I did miss that. But it's better if you quote the whole thing.

Good one. Bunch of old....


----------



## retrodyne (Nov 2, 2009)

Hi Ho Zeeprogram

Here is a tip that might help installing a new blade. Get at least 2 cheap metal spring clamps, fairly strong. Woodworkers use them for holding flat wood while gluing. With saw standing up install blade in the guides first then rotate or push blade back and surrounding the pulleys. I usually put both clamps on the bottom or drive pulley to hold the blade where it belongs. Now your hands are free to install on the top pulley and adjust enough tension to keep it there while you check everything before removing the clamps.

Good luck 

Retrodyne


----------



## zeeprogrammer (Nov 2, 2009)

Thanks retrodyne and welcome to the forum.

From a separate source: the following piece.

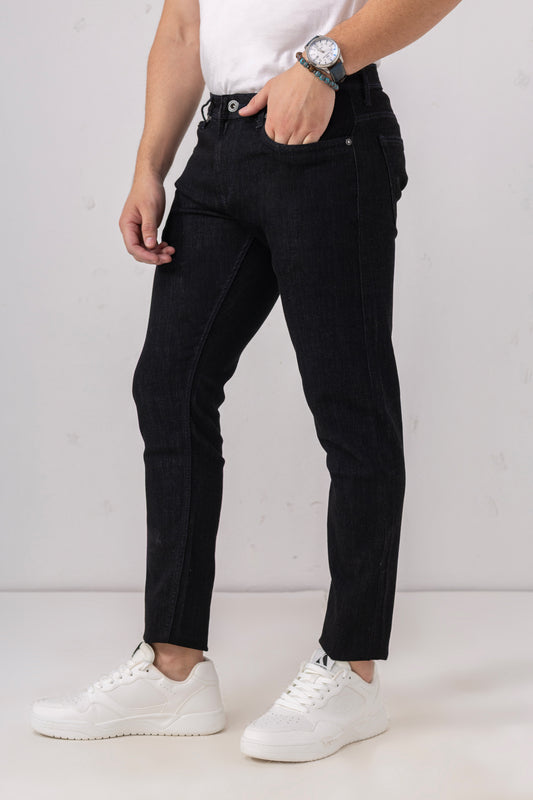Midnight Armor – Jet Black Slim Fit Jeans for Men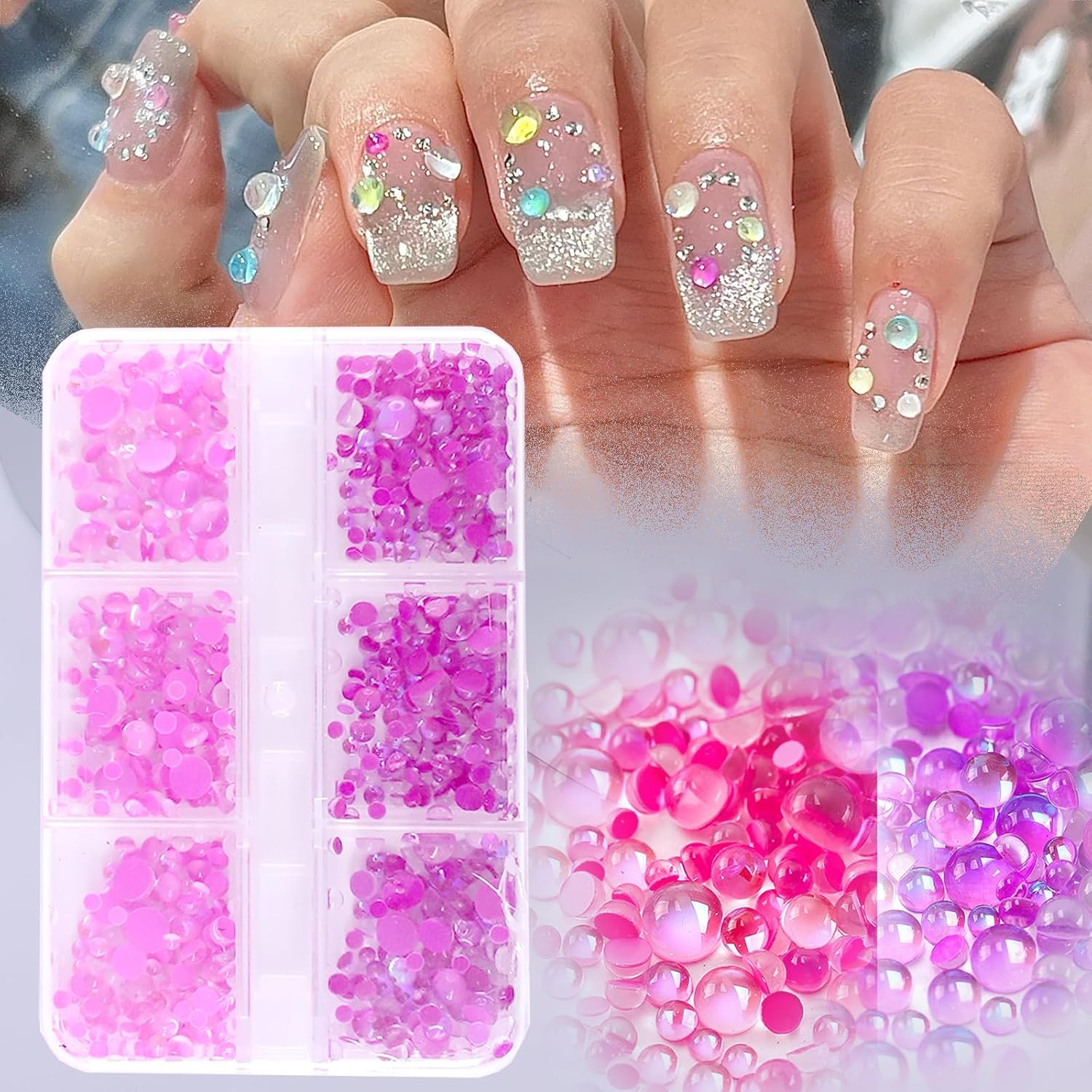 Mermaid Tears Two Colors 6 Jars ABS Half Pearls for Crafts Flatback Nails Pearls Bead Flat Back Pearls Gems for Nail Art Makeup, Shoes, DIY Craft Decorations 2-4Mm (Red) image number 6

Hit the Welcome thread and tell us about yourself.

If you've been reading the forum you already know we like pics and videos. If you just started...well...we like pics and videos!


----------



## zeeprogrammer (Nov 2, 2009)

Oops. Just found out where the phrase 'Plunk your magic twanger' came from. Just a little before my time. I do remember Andy Devine though.


----------



## Kermit (Nov 2, 2009)

Glad I could help then.


----------



## zeeprogrammer (Nov 3, 2009)

Glad you said something kermit. I had missed your post. The tension tip is helpful.

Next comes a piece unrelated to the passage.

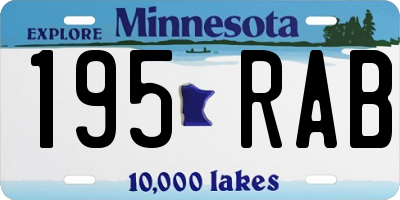 MN license plate 195RAB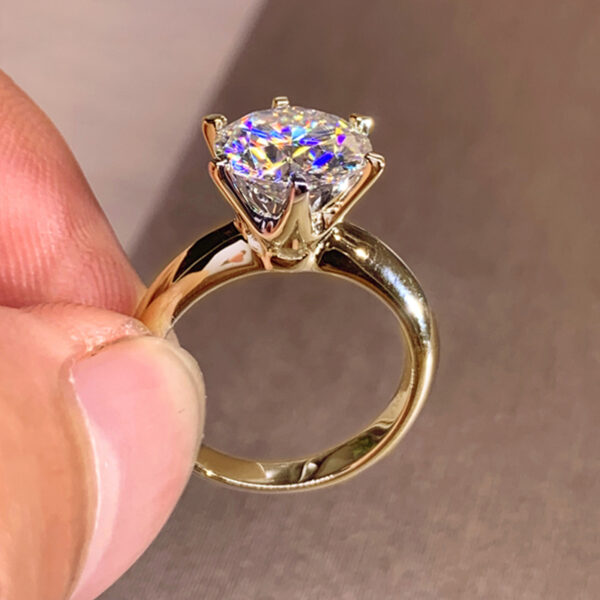 Anillo solitario de diamante de 3 quilates para mujer, sortija de moissanita de oro amarillo 925 de plata, sortija de compromiso y boda de 2 quilates con certificado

I wouldn't be surprised if my bandsaw has the same quirks...if I remember right, we have the same one.

Maybe a silly question...do you turn on the saw and then bring it down to cut or do you bring it down and then turn it on? I suspect the answer is not what I've been doing. ;D

Thanks.


----------



## Kermit (Nov 3, 2009)

I've had lots of luck with turning it on first and letting it go around a bit, before putting it to the metal. SO much luck in fact, that I've never even tried it the other way.  


Mine does the sine wave wiggle as well when I saw something. It is due to the weld, but has a few more smaller wiggles that are just oscillations of the one the weld spot sets up.  The weld passes the cut and the saw jumps a bit, then jumps a little smaller with each bounce till the weld comes back around and starts it off with a big bounce again. Perhaps mine is not as "jumpy" as yours is, but it depends on the blade I use as to how much the bandsaw bucks.  Gotta be those welds. Some blades are cheap ones and if I checked I bet it is those that are the 'bumpier' of the bunch.

But the rickety little baby will make an amazingly straight cut, so I'm leaving well enough alone for now... 


Kermit


----------



## zeeprogrammer (Nov 3, 2009)

Well now I can tell you NOT to try it the other way ;D.

Kinda stupid now that I think about it. Probably broke one or more teeth every time I started the thing.

I don't think the weld had anything to do with it...the hop seems a lot slower than the rate of rotation...besides...it started rather suddenly.

Thanks kermit.


----------



## rake60 (Nov 3, 2009)

The manufactures manual does make a few suggestions.











Rick


----------



## zeeprogrammer (Nov 3, 2009)

My manual doesn't have that chart. That'll be useful...thanks.

It also didn't have as clear instructions. It was 'somewhat' buried. Step 9 in fact.

Still...I apparently need to change my glasses and read the manual thoroughly. ;D

I was rereading and came across a one-liner that said a too slow speed can cause teeth to break. I'm thinking that also contributed. Things were fine until I cut a somewhat large piece of aluminum that seemed to take forever. It was after that that I noticed the problem. Checking further, I believe the speed was too low for aluminum.

Thanks Rick.


----------



## zeeprogrammer (Dec 16, 2009)

I could start a new thread or open an old wound...
I've made my choice...

Against everyone's advice...I bought a cheapo blade. Not having replaced a blade before, I figured I had a pretty good chance of damaging it. So I decided I'd learn on this one and then switch to something better.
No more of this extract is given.